## DATASET CONTENT
#####
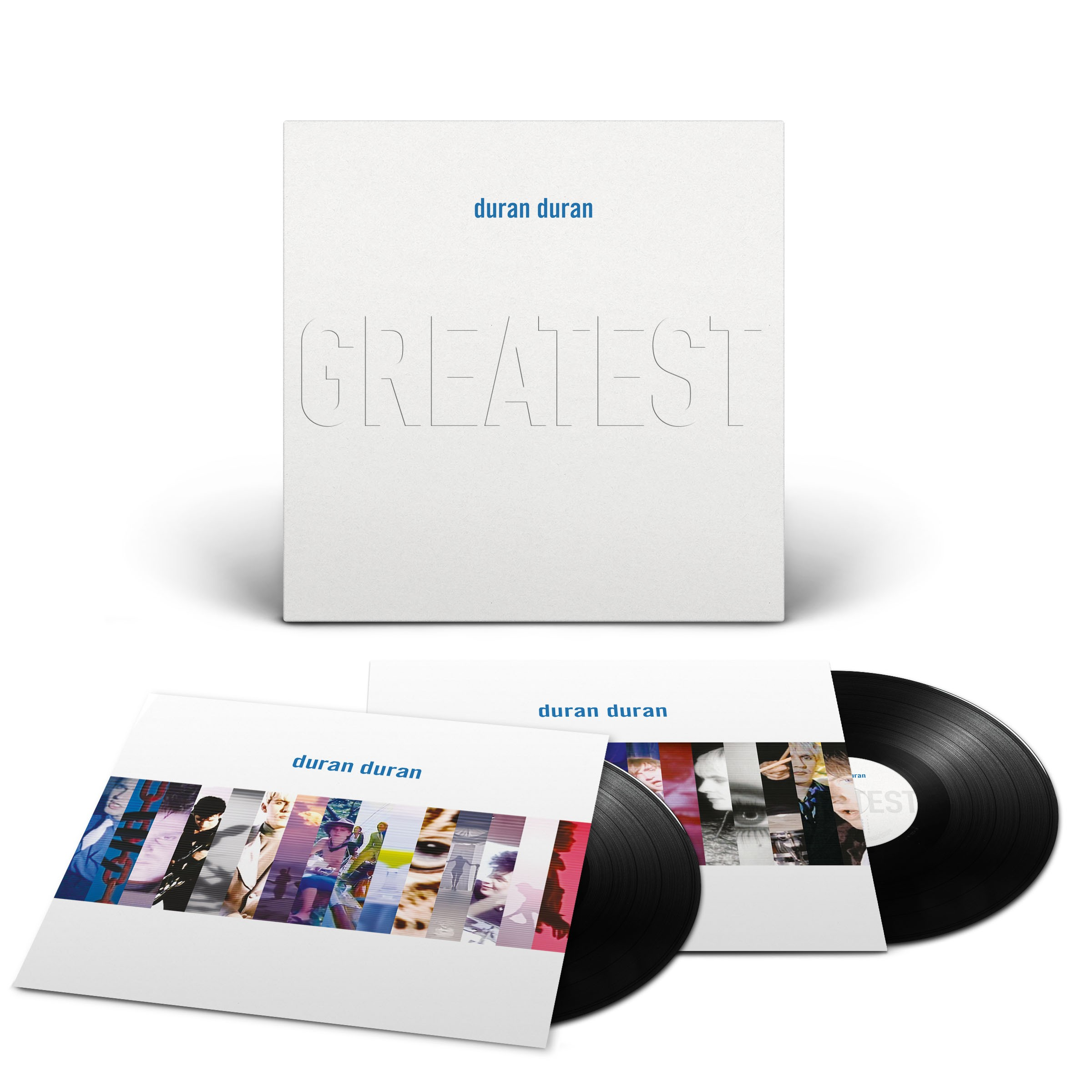 Duran Duran - Greatest (2 Lp's) (Vinyl)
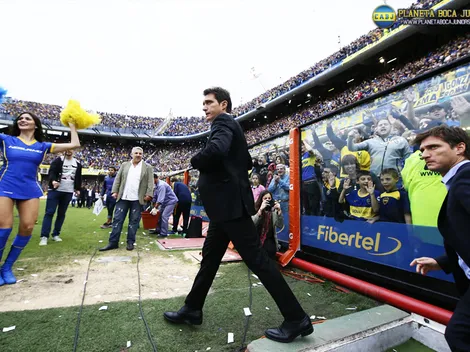 Guillermo: "Somos Boca y debemos jugar siempre con la misma actitud"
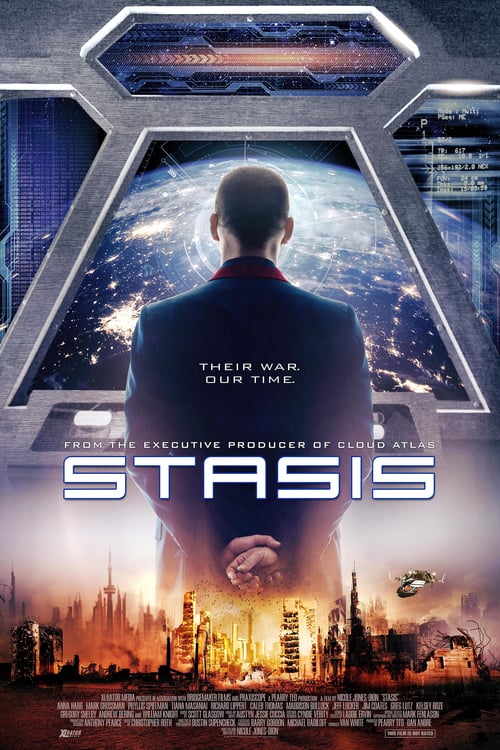 Stasis - Movie Poster Stasis - Movie Poster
#####
## EXERCISE DIRECTIONS
Write out the data word for word, with every picture dropped.

## RESULT FOR THIS EXERCISE
 Duran Duran - Greatest (2 Lp's) (Vinyl)
 Guillermo: "Somos Boca y debemos jugar siempre con la misma actitud"
 Stasis - Movie Poster Stasis - Movie Poster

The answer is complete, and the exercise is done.